| EXERCISE MATERIALS |
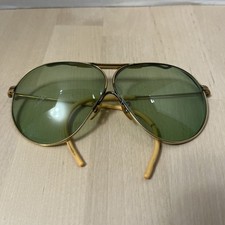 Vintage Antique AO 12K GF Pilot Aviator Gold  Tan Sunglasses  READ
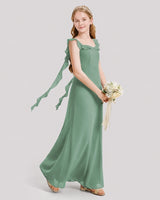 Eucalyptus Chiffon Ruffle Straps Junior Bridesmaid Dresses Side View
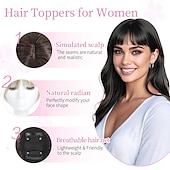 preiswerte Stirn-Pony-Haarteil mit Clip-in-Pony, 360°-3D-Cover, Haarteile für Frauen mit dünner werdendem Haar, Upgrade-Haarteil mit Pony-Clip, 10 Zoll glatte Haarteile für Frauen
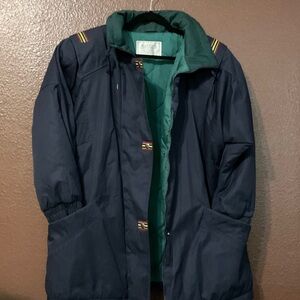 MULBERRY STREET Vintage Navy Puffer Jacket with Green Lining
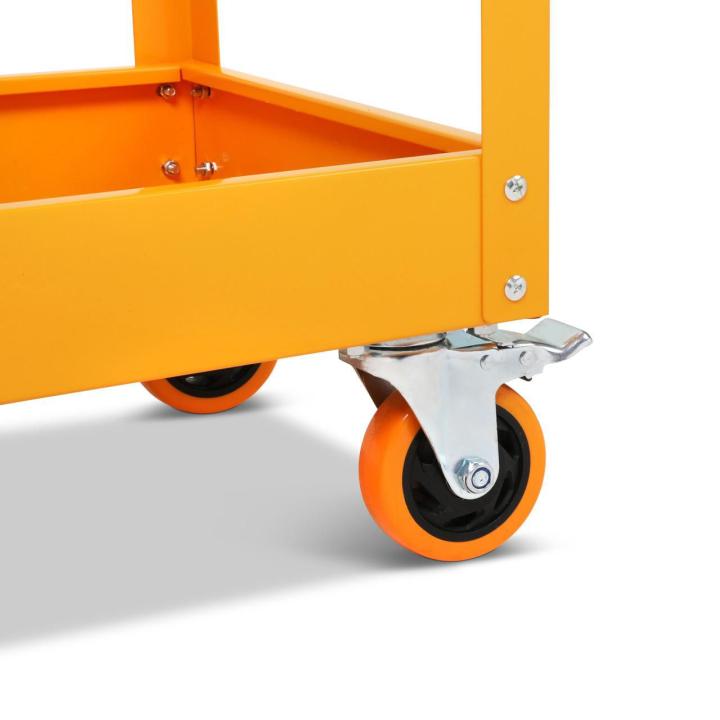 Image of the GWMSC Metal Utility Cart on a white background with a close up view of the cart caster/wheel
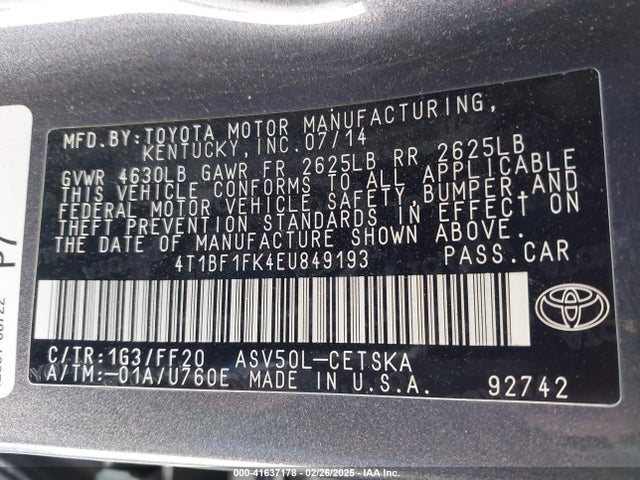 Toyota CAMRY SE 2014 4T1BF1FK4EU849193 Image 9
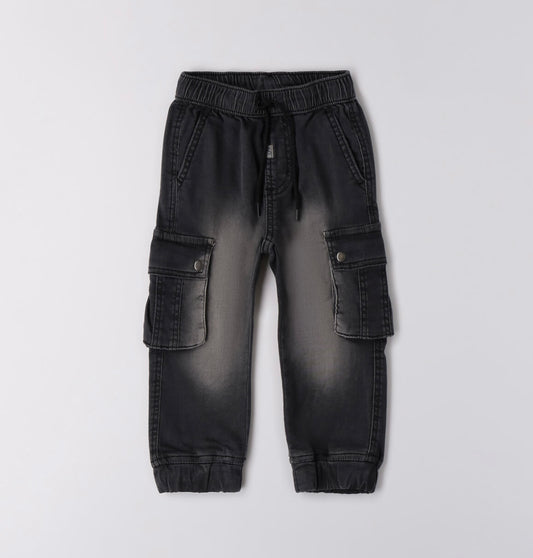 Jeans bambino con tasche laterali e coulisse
---
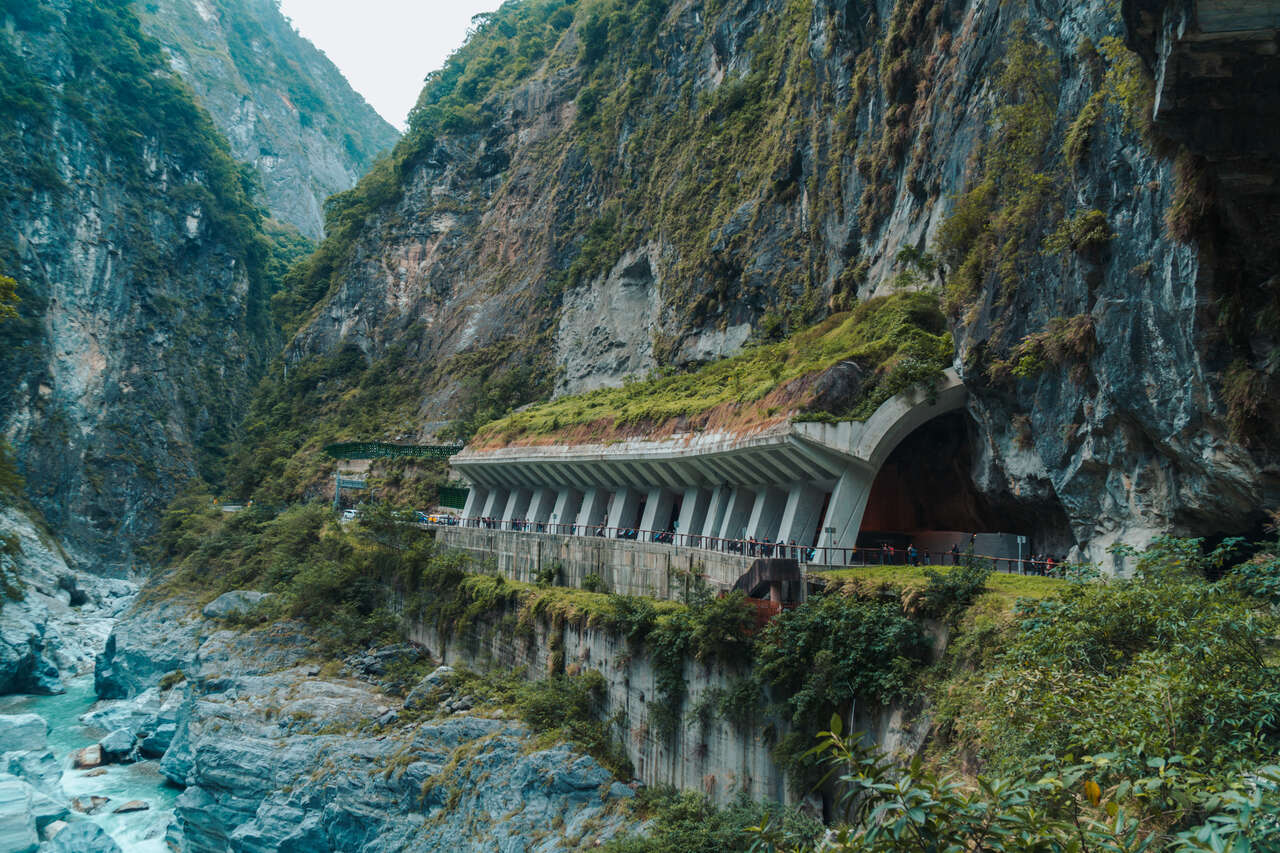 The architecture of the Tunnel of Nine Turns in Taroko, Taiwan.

| TASK TO CARRY OUT |
Look through the listing above for the line with "Vintage Antique AO" and the line with "preiswerte Stirn-Pony-Haarteil mit". Write out exactly those lines and everything between, leaving out pictures.

| FINAL ANSWER |
 Vintage Antique AO 12K GF Pilot Aviator Gold  Tan Sunglasses  READ
 Eucalyptus Chiffon Ruffle Straps Junior Bridesmaid Dresses Side View
 preiswerte Stirn-Pony-Haarteil mit Clip-in-Pony, 360°-3D-Cover, Haarteile für Frauen mit dünner werdendem Haar, Upgrade-Haarteil mit Pony-Clip, 10 Zoll glatte Haarteile für Frauen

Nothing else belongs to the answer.